Fast-food CEO who says machines are the answer to rising wages is expected to be named Trump's next labour secretary

Andrew Puzder, the CEO of CKE Restaurants, is expected to be named secretary of labour in President-elect Donald Trump’s Cabinet, the Wall Street Journal reports, citing people familiar with the situation.

Puzder, who runs the parent company of Carl’s Jr. and Hardee’s, supported Trump during his campaign, praising him as a “pragmatic centrist” and “negotiator.” Puzder also served as one of the candidate’s economic advisers.

Puzder is a vocal opponent of raising the minimum wage and of the Affordable Care Act, arguing that the policies result in lower employment rates.

In an interview with Business Insider in March, Puzder said fast-food workers could be replaced with kiosks and other automated technology to offset the cost of wages.

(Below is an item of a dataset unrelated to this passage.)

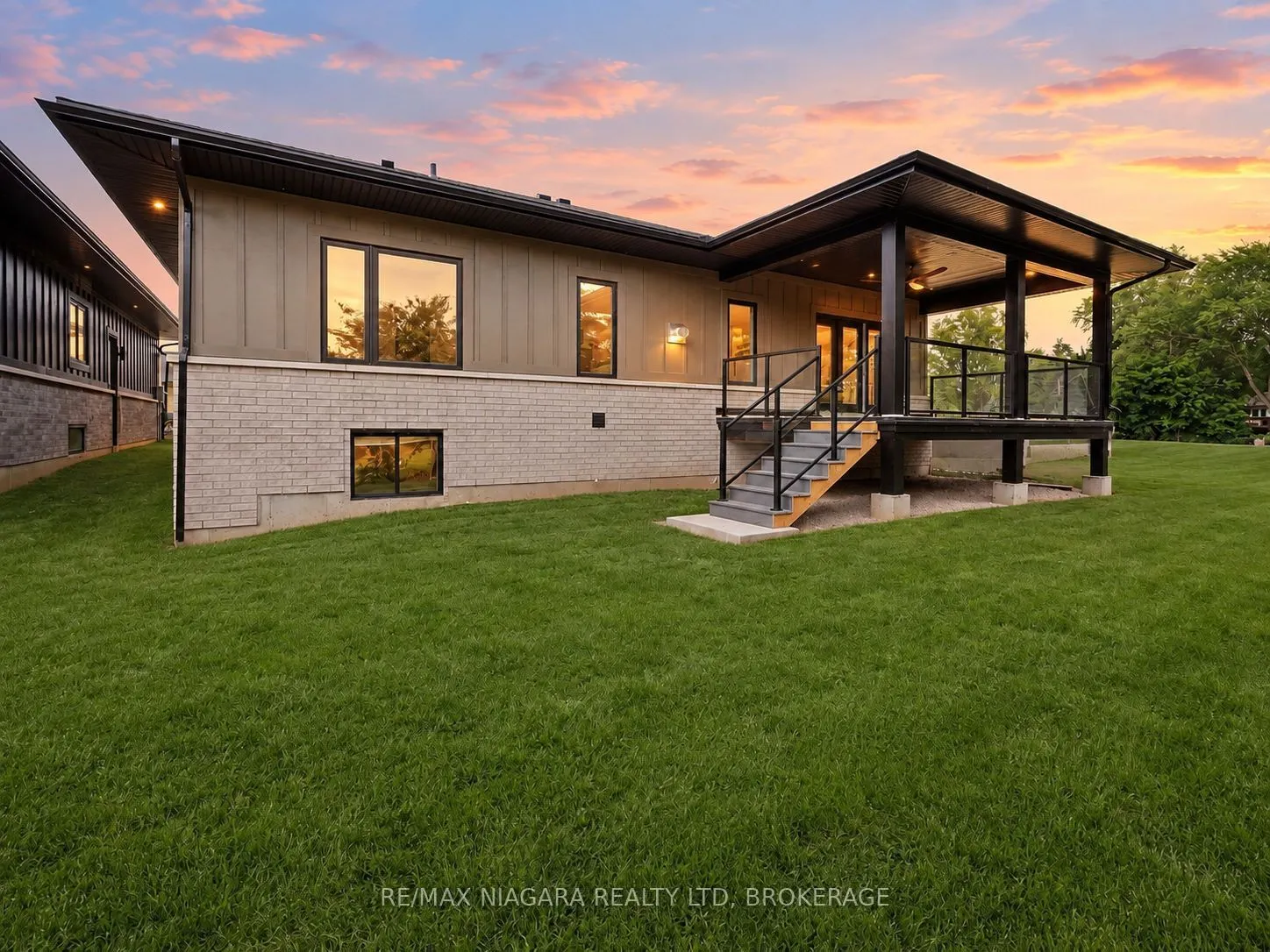 21 Accursi Crescent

“I want to try it,” CEO Andy Puzder said of automated restaurants. “With government driving up the cost of labour, it’s driving down the number of jobs.”

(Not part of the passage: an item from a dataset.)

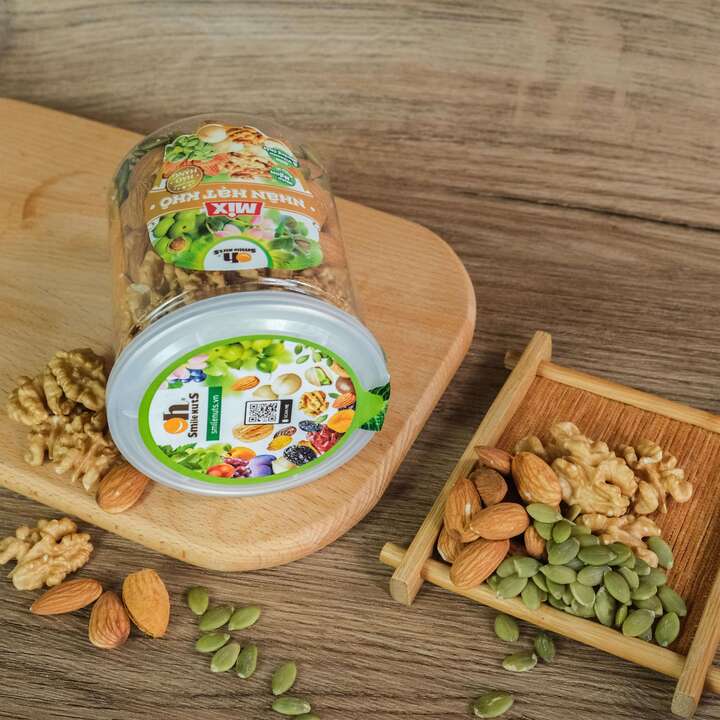 Mix Nhân Hạt Khô hộp 255g (Gồm Nhân Bí Xanh, Nhân Hạt Óc Chó, Hạnh Nhân tách vỏ nướng)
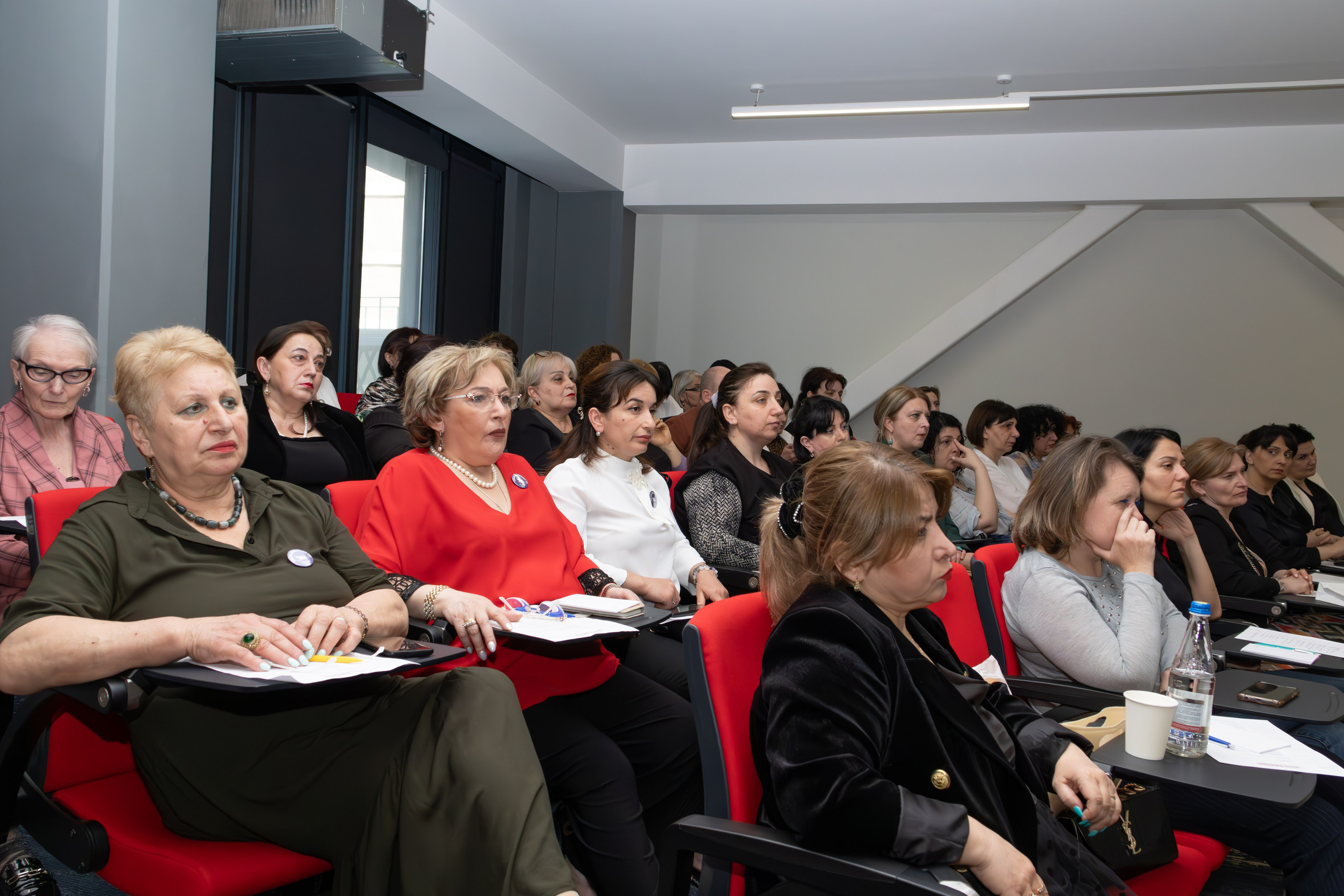 კორპორატიული ღონისძიებები. FramefreeMan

“You’re going to see automation not just in airports and grocery stores but in restaurants,” he said.

According to Puzder, rising minimum wages are part of the reason that the fast-food industry is majorly investing in automation.

“If you’re making labour more expensive, and automation less expensive — this is not rocket science,” Puzder said.

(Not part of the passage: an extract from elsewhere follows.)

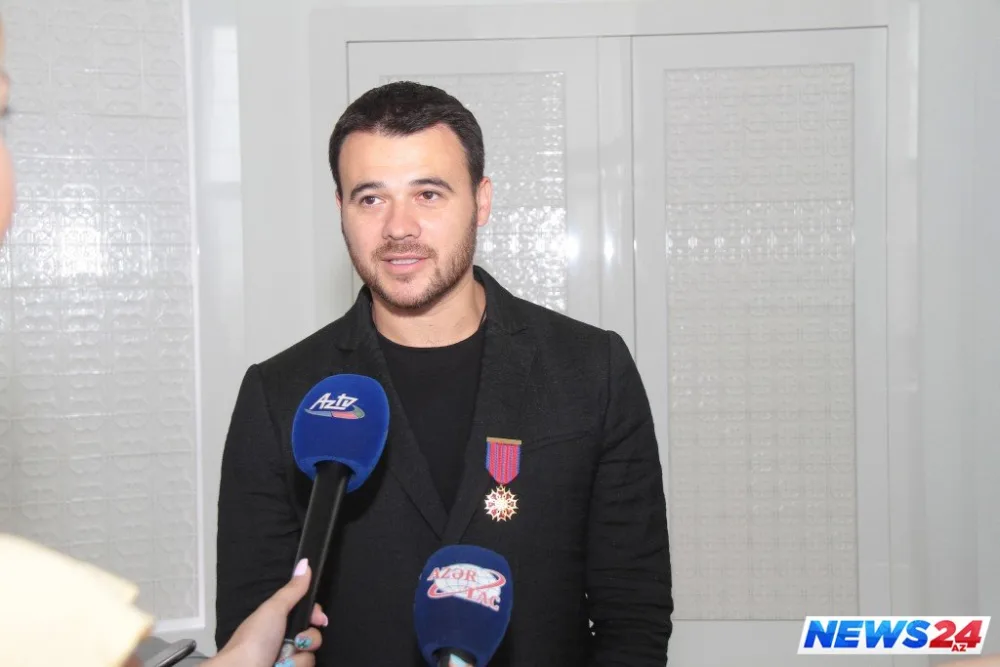 Emin Ağalarova "Xalq artisti" fəxri adının vəsiqəsi və döş nişanı təqdim olundu - FOTOLAR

Puzder has also been a harsh critic of President Barack Obama’s new overtime rules, which are designed to raise wages for millions of the country’s lowest-paid workers.

“This new rule will simply add to the extensive regulatory maze the Obama Administration has imposed on employers, forcing many to offset increased labour expense by cutting costs elsewhere,” Puzder wrote in a Forbes op-ed article in May.

Carl’s Jr. has been criticised for its ads starring scantily clad women, which Puzder says have helped the business appeal to “hungry, young guys.”

“I like our ads. I like beautiful women eating burgers in bikinis. I think it’s very American,” Puzder told Entrepreneur in 2015. “I used to hear, brands take on the personality of the CEO. And I rarely thought that was true, but I think this one, in this case, it kind of did take on my personality.”